Although politicians are keen on proclaiming the importance of the fight against anti-Semitism, they often focus on the extreme right, and completely ignore the Muslim, left-wing and stubbornly anti-Israeli voices. It shows that anti-Semitism has not disappeared from Europe after the Nazi era, but has merely changed its appearance. As long as there is no real political will to put an end to it, it will continue to ruin society, eroding the remains of the fundamental pillars of security, human rights and justice, whose access seem to be increasingly limited to European citizens, the V4 news agency reports.
University of Paris Professor Guy Milliere has presented an analysis of the situation on the Gatestone Institute’s website, which was reviewed by the Neokohn news portal. As Professor Milliere writes, the French National Assembly adopted the International Holocaust Memorial’s (IHRA) definition of anti-Semitism on 3 December. The text was passed by a very narrow margin in the absence of “political courage”. The definition classifies hate speech against the State of Israel as “anti-Semitic”, if it is directed against the country as a Jewish collective.
MP Meyer Habib, who is forced to live under 24-hour police protection with his family because of anti-Semitic death threats, voiced his strong opinion on the matter in the following statement:
Since 2006, twelve French citizens were murdered because they were Jewish. Half of the racist incidents in France are against Jews, even though [Jews] represent less than 1% of the population. Anti-Zionism is an obsessive demonization of Israel and an abuse of anti-racist and anti-colonial rhetoric to deprive the Jews of their identity, Habib says.
French political leaders often declare that fighting against anti-Semitism is of utmost importance; they say it every time a Jew is murdered in the country. The only anti-Semitism they seem ready to fight, however, is right-wing anti-Semitism. They seemingly refuse to see that all the Jews killed or assaulted in France since 2006 were victims of Muslim anti-Semites, the professor writes. French political leaders also seemingly refuse to see another form of anti-Semitism that is on the rise: leftist anti-Semitism, which uses the mask of anti-Zionism to spread anti-Jewish hatred, Milliere continues.
Their position may be explained by the way the French mainstream media talk about Israel, or the consequences of those articles and reports. They constantly describe Israel as an evil country whose soldiers “cavalierly kill” Arabs on a daily basis and whose citizens “illegally occupy” territories that might belong to another people whom they “cruelly deprive of everything”. However, when Israeli Jews are murdered in a terrorist attack, the French government urges Israel to “show restraint” and avoid “starting a cycle of violence”. It is a way of saying that Jews should not be there, that the victims are the guilty party, and that those who attack them had good reason to do so.

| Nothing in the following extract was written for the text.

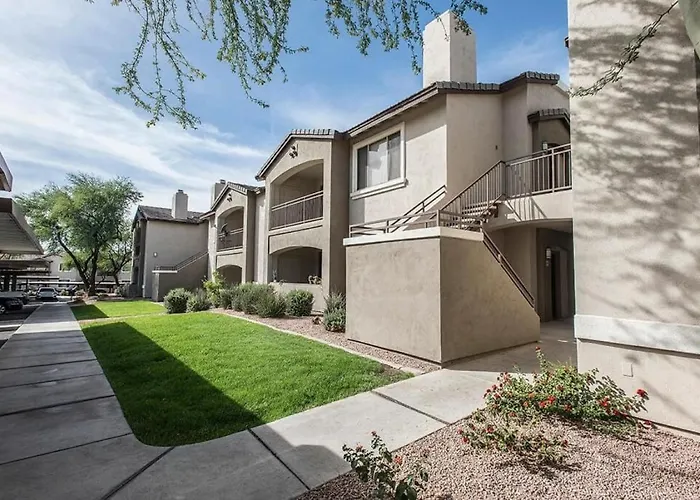 The Citrine Garden At Scottsdale: Designer 2br | Prime Location+ Gym+ Pool+ Parking
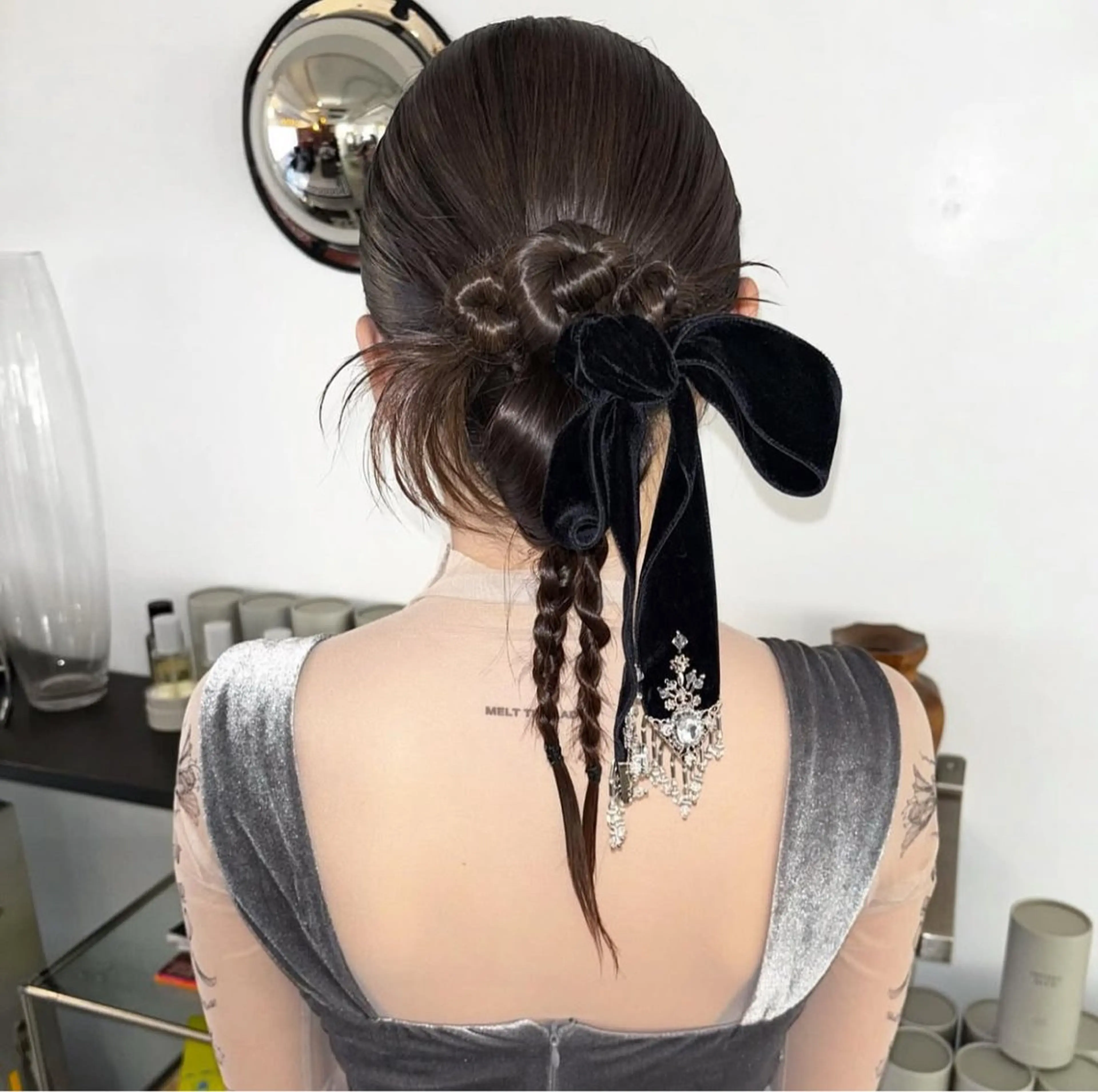 セミロング ヘアアレンジ ヘアセット hair salon　丹tan所属・Rena✴︎トレンド ×スタンダードMIXのヘアスタイル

But the spoken word has power, so one should not be surprised at the increasing tide of hatred against Jewish people. France’s government rejected US Secretary of State Mike Pompeo’s statement that Jewish communities in the disputed (“occupied”) territories do not contravene international law, and also protested when US President Donald Trump recognised Jerusalem as the capital of Israel. An official statement by France’s government said that France is “the friend of Palestine” and supports “the creation of a Palestinian state, with Jerusalem as its capital.”
According to the professor, the murders of Jews in France had a common trait: the perpetrators identified their victims with the “criminal Israel”. Mohamed Merah, who murdered Jewish schoolchildren in Toulouse, told a police officer that he killed Jewish children because “the Jews kill Palestinian children” and that he saw “many reports on French TV showing it”. What he said did not prompt French television stations to be more careful to avoid whatever could be regarded as incitement to hatred and murder.

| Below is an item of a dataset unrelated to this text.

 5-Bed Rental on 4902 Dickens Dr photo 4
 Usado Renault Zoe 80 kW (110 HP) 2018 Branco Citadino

As demographic change is rapidly taking place in France, the country’s media, political leaders and government are behaving accordingly. Jews have become a shrinking part of the population – 0.6 % – and carry no political weight. The French Muslim population is quickly growing – to more than 12% of the total. It has become virtually impossible to win an election in France without now counting on the Muslim vote.

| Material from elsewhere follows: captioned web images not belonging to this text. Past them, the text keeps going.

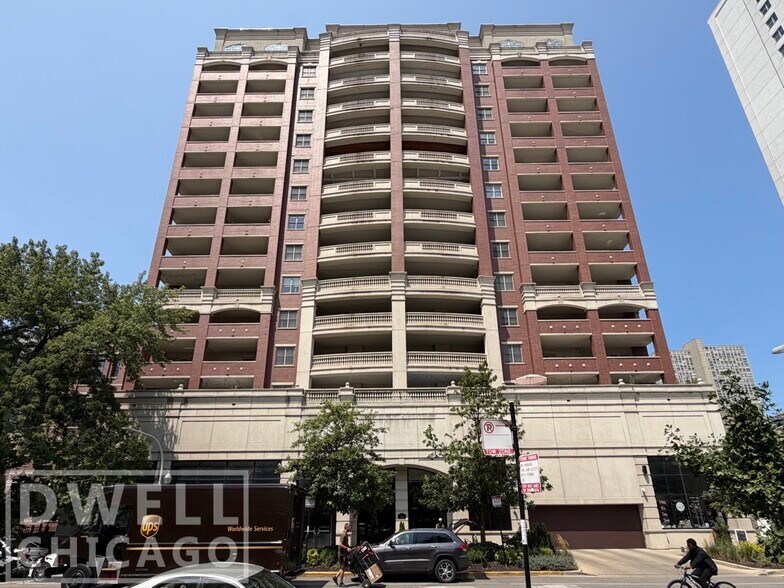 Building Photo - 828 W Grace St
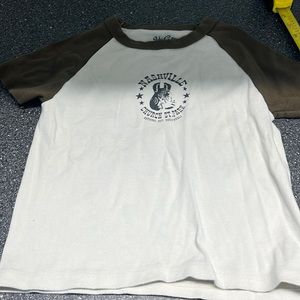 Nashville brandy T-shirt size is small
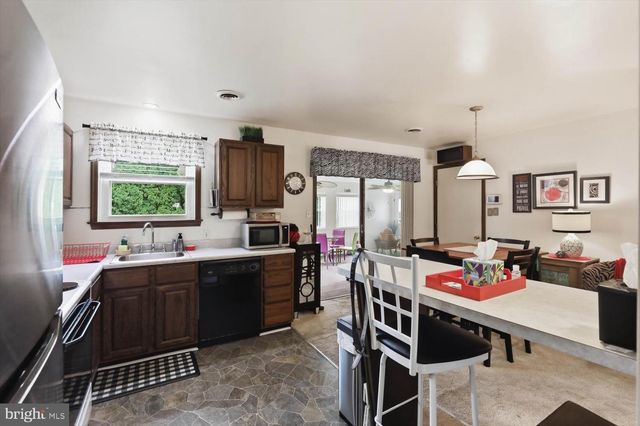 33 HOOVER RD, Lancaster, PA 17603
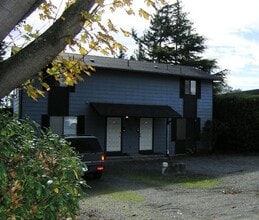 Building Photo - 1221 SE 8th Ave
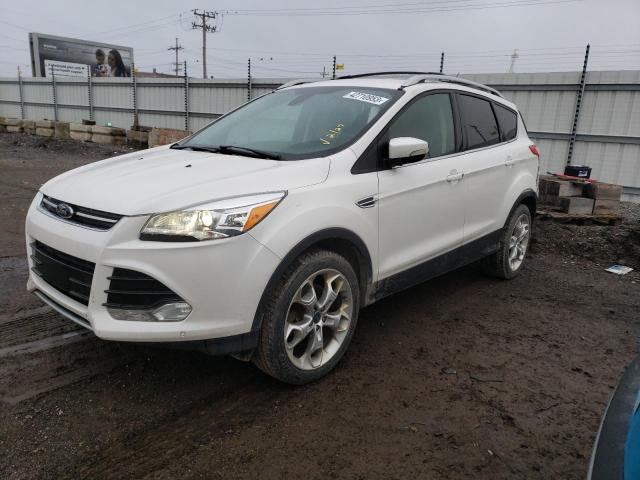 Ford Escape tit (2015)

The few people who still criticise Islam and Muslim anti-Semitism in France are mercilessly harassed by Islamic organisations and even more harshly condemned by the courts. On 4 December, a prosecutor asked the court to sentence Christine Tasin, president of the anti-Islamic movement Republican Resistance. In June 2017, she warned in an article of “a Muslim invasion” and wrote that the “Islam may be incompatible with Western civilisation”. She could be the first person in France to be sent to prison for the “crime” of “Islamophobia”.
It is also disconcerting for many that on October 30 in Paris, when President Macron inaugurated the European Center for Judaism, he named all the Jews recently murdered in France, but he did not name the murderers. He merely denounced “those who want to sow hatred and division”. He spoke positively of a time when a large part of Spain was Muslim, and said that there, in Andalusia, “the Jews, despite their dhimmi status, developed an extraordinary culture.”
Macron seems to have accepted the barely tolerated status and subordination of the Jews under Islamic rule as normal. According to some French intellectuals, it casts a dark shadow on the future of the Jewry in the light of Muslims’ growing proportion in the population. France’s position is by no means an exception in Europe. Anti-Semitism is advancing throughout the continent and often has a Middle Eastern cast. Yet, the authorities focus only on “right-wing anti-Semitism”.
In Germany, the Federal Office for the Protection of the Constitution conducted a study analysing Muslim attacks perpetrated against the Jews, but it explicitly refused to say that these attacks were anti-Semitic, and instead attributed them to “religious and cultural beliefs that Muslim immigrants bring with them” to Germany. German Foreign Minister Heiko Maas added, as if it were an excuse, that Muslims arriving in Germany “come from countries in which the powerful incite hatred toward Jews and Israel.”
According to a survey, only published by the Jewish media in the UK, anti-Semitism is far more common among Muslims than among other citizens of Britain. The rampant left-wing anti-Semitism, also represented by Jeremy Corbyn and his Labour Party, may be well-known by now, as it has been widely covered during the British elections.
Most major European media are as anti-Israel as the major French media, a Spiegel article used anti-Semitic clichés to vilify Israel.
Shuli Davidovich, an Israeli press attaché in London, said a decade ago: “the human face of the Israeli does not exist. It’s always the helmet, the rifle, the aggressor, the occupier.”
Most of Europe’s political leaders are as hostile to Israel as France’s political leaders are. Former European Commission Vice President Federica Mogherini’s successor, Josep Borrell, advocates for unilateral recognition of Palestinian statehood.
Iran wants to wipe out Israel, nothing new about that. You have to live with it, Borrell said this February.
Anti-Semitism on the continent is growing markedly with the Muslim immigration. Another study made in Germany in 2011 showed that 40% of European adults agreed with the statement, “Israel behaves toward the Palestinians like the Nazis behaved toward the Jews.”
American political commentator Joel Kotkin wrote that all available data show that anti-Jewish hatred and anti-Israel prejudices could mean the end of Jewish presence on the continent: “For millennia, following the destruction of the Second Temple and the beginning of the diaspora, Europe was home to the majority of the world’s Jews. That chapter of history is over. As Jews continue fleeing the continent, by the end of this century all that’s left will be a Jewish graveyard.”